Tommaso inizia con la Primavera. Due anni, alcune panchine, un posto conquistato e la Youth League: “Un’esperienza fantastica. Ricordo la sfida con lo United. Contro di me c’era Elanga. Poi è uscito, al suo posto è entrato Garnacho… (ride ndr)”. Poi l’avventura con l’U23, una prima volta per tutti. Anche se Tommaso il mondo dei grandi già l’aveva conosciuto: “Un passaggio utile. Quando esci dalla Primavera, avere l’U23 in casa è perfetto”. Un inizio difficile: “Non giocavo tanto, poi ho trovato spazio”. Una maglia conquistata con il tempo, un po’ come nella sua storia. Perché per i grandi obiettivi c’è bisogno di tempo. E Tommaso ha saputo attendere il suo momento. Comprendere il senso dell’attesa e coltivare la cultura del sacrificio. Un fil rouge. Anzi, ormai nerazzurro. “Una mentalità che ho anche grazie all’Atalanta. Bisogna sempre andare al massimo”. Dalle panchine al gol con il Lumezzane. Gli occhi si illuminano, la voce assume una tonalità di tenerezza: “Bellissimo”. E i risultati di questo percorso, suo e dell’universo nerazzurro, si sono visti già in pochi mesi.
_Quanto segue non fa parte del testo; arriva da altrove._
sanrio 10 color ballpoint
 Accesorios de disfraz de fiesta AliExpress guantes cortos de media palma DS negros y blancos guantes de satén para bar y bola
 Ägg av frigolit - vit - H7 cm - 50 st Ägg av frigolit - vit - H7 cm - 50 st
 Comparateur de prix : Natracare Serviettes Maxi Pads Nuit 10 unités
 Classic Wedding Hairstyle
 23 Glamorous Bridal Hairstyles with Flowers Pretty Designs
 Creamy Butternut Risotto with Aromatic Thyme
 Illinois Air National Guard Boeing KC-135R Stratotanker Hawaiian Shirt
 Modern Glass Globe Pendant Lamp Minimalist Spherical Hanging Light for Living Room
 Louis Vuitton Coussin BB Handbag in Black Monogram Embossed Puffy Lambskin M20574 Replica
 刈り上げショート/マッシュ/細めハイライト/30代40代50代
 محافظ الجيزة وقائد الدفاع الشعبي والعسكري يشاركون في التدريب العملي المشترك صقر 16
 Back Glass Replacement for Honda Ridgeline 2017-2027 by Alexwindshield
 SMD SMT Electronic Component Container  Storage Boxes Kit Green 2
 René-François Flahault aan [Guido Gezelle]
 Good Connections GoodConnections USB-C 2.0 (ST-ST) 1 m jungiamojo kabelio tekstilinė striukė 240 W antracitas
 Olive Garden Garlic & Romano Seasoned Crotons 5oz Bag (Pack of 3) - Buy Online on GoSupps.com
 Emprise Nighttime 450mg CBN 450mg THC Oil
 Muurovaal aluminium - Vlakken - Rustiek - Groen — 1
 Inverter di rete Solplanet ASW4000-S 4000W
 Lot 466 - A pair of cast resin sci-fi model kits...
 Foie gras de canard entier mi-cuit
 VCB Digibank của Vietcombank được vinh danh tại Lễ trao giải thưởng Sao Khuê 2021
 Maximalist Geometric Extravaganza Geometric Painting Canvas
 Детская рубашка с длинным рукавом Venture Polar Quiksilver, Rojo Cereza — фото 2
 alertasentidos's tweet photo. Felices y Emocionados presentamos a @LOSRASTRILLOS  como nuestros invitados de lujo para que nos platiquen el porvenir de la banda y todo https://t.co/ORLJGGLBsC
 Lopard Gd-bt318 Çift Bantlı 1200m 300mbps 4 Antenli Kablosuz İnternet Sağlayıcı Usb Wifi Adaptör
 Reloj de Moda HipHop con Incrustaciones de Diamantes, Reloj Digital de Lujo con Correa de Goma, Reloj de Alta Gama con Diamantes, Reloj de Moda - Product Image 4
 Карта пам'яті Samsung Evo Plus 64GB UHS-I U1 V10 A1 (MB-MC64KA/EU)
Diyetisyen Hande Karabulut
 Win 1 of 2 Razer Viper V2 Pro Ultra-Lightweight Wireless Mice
Tommaso è così, genuino e spontaneo. Come un sorriso per il ricordo di quando da piccolo mano nella mano con la nonna andò al primo, anzi, secondo allenamento. O come il gioco di Ronaldinho. È l’esaltazione della semplicità. Spensierata e matura. La stessa con cui ha giocato la sua prima e magica notte europea. “Mamma, io voglio fare il calciatore”. Lo ripeteva sempre: “Ci ho creduto”. Il sogno della Serie A e di tante altre serate speciali, l’esultanza nel caso è già pronta. Intanto, Tommaso si gode il viaggio. Con il sorriso, sempre.